Paperback / softback
ISBN:
9780889225848
Pages: 128
Pub. Date:
May 15 2008
Dimensions: 9" x 6" x 0.375"
Rights: Available: WORLD
Categories
Drama / DRA013000
Fastidious and fussy shoe salesman by day and secretive aspiring film screenwriter by night, Oswald Eichersen’s dreams of success are as grandly inflated as his self-esteem is hopelessly deficient. Just outside Eichersen’s place of work, street person Terence Lomy has sat encamped for two years—an indelible fixture on the sidewalk with a cardboard sign round his neck with the word “hungry” scribbled on it in a hapless hand. One day, on an irrational impulse, having ignored the beggar for years, Eichersen gives Lomy a hundred dollar bill, setting into motion a series of ironic and completely unanticipated events that will change both of their lives forever.
But it’s not only Eichersen and Lomy that are changed by this irrational act of generous empathy. Through a hilarious series of bizarre encounters in the porn theatre that Lomy—a beguiling trickster who dares to claim it is actually he who has something of value to offer Eichersen—has chosen for a series of “rendezvous” with his benefactor, Eichersen finds himself in an unwanted relationship with a reformed hooker, as sexless a companion as his former longtime girlfriend with an irritating fetish for small dogs. As he helplessly witnesses his entire life disintegrate, only to be co-opted and appropriated by everyone around him, Eichersen ends up abandoned and penniless, on the lam for a murder he didn’t commit, absurdly preparing a lecture on Benevolence for the sole patron of the dark and dingy theatre of his nightmares.
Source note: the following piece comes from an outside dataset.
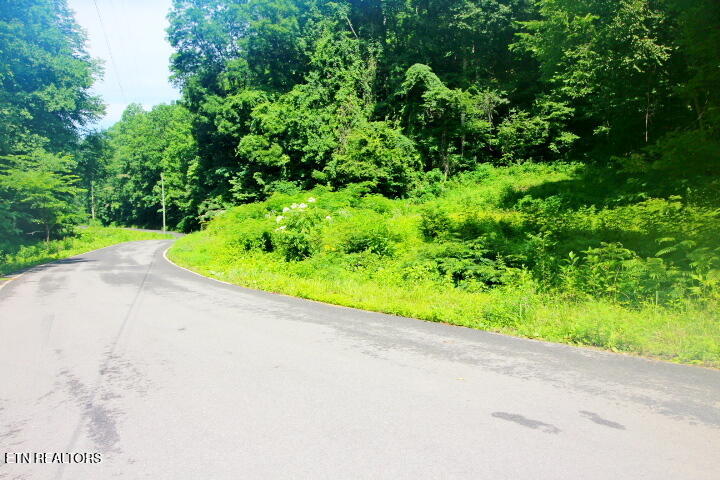 Tbd Lot 1 Carrs Creek Road Townsend TN 37882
Full of excruciatingly comic twists and turns of both fate and manipulative, perhaps even malicious intent, this dark comedy of “trading places” resonates with a cascade of uncomfortable truths about how we see (or don’t see) the people we live with every day.
Benevolence premiered at Tarragon Theatre in Toronto on September 24, 2007.
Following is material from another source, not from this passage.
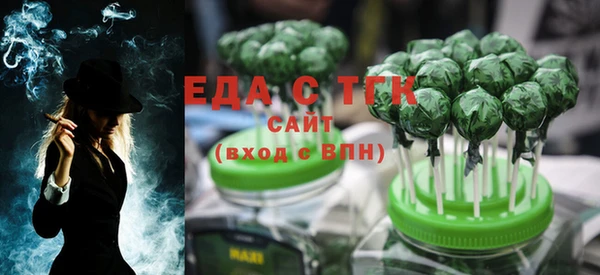 спиды Богородицк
Cast of 2 women and 3 men.
“No one can make total strangers engage quite like Morris Panych can. He does so by allowing the characters to open up to their enigmatic past in clear, natural, flowing streams of consciousness. His character drawing has never been stronger, his dialogue stringing never more kooky and laconic.”
—Torontostage.com
“…a leathal mixture of black humour and social observation. When it comes to sparkling, erudite, bitchy dialogue, Panych, as a playwright, has few equals.”